C++ can possibly accelerate development in two ways: firstly, OOP (Object-Oriented Programming) helps to organize large projects, and secondly, STL (Standard Template Library) saves time on reimplementing frequently used subroutines. However, I do not find C++ OOP greatly helps me. To me, it is not right to clearly classify a programming language as a procedure-oriented or object-oriented language. It is only right to say a development methodology is procedure-oriented or object-oriented. We can effectively mimic the fundamental OOP ideas in C, a socalled procedure-oriented language, by packaging related data in a struct and transfer the a pointer to the struct to subroutines. I know C++ programmers would argue doing in this way is far from OOP, but it has captured the essence of OOP and in practice sufficient to organize large projects with this simple and natural idea. The large amount of existing C projects, such as Linux kernel, gcc and Emacs, prove this is the truth. With OOP ideas, we can use C to organize large projects without difficulty. C++ does not provide more power except introducing more complicated concepts.

I do not use STL most of time. I have implemented most of useful subroutines in C/C++ by myself. I actually spend less time in using my own library than using STL as I am very familiar with my own codes. Of course, implementing an efficient and yet generic library by myself takes a lot of time, but I really learn a lot in this invaluable process.
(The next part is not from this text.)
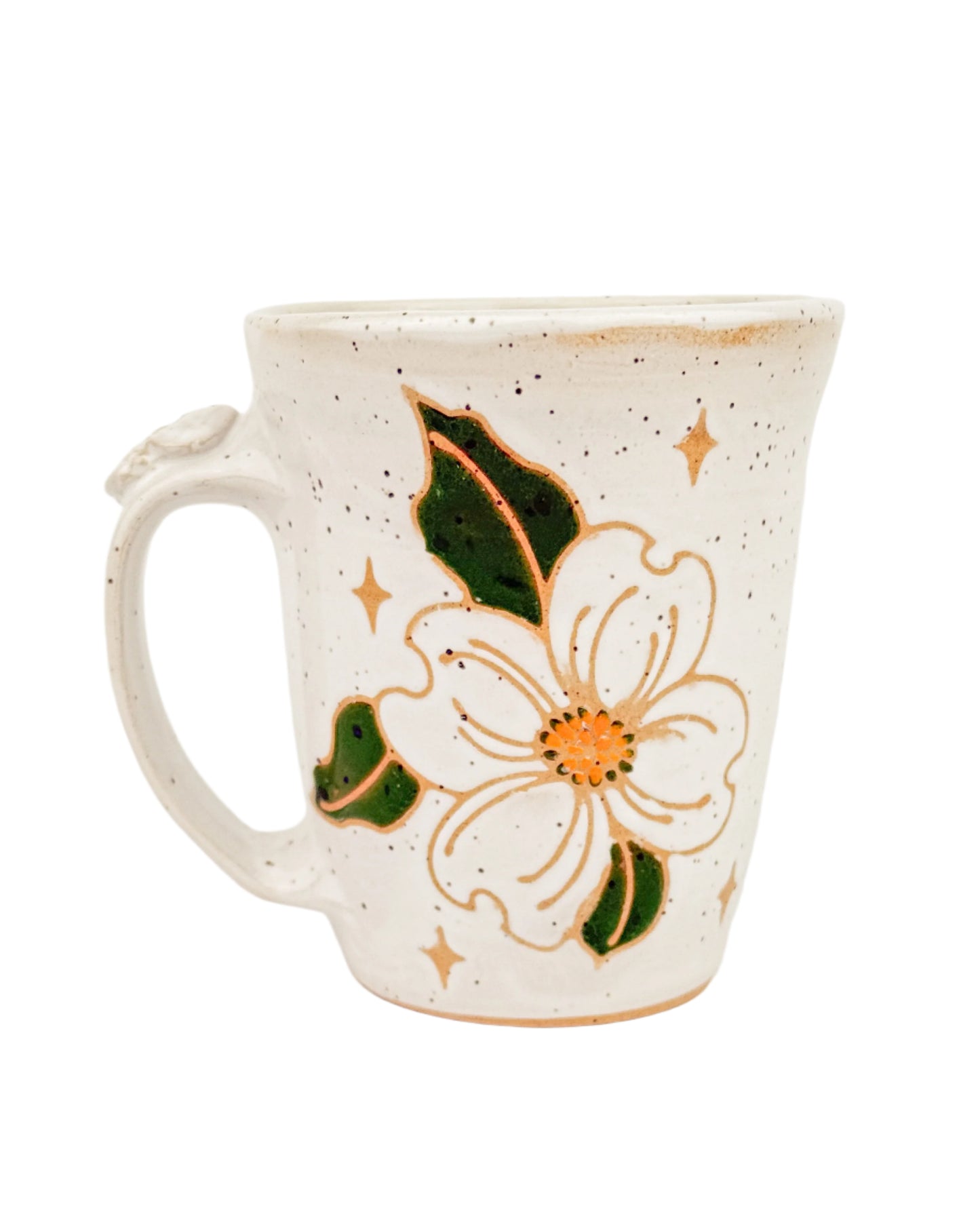 Dogwood Flower Mug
I can hardly imagine how a programmer who does not get a firm grasp of data structures, which can only be achieved by implementing by him/herself, can ever write good programs. To this end, I agree that for elementary programmers using STL reduces coding time; but this is achieved at the cost of weakening the ability to write better programs. And for an advanced programmer, using STL may help but probably does not save much time.

Note that I am not saying C++ is a bad language as a whole. In fact, I use C++ template functions a lot and C++ template classes at times. In this post, I just want to emphasize the importantance to focusing on the art of programming instead of on the artificial concepts or on the degree of laziness a language can provide.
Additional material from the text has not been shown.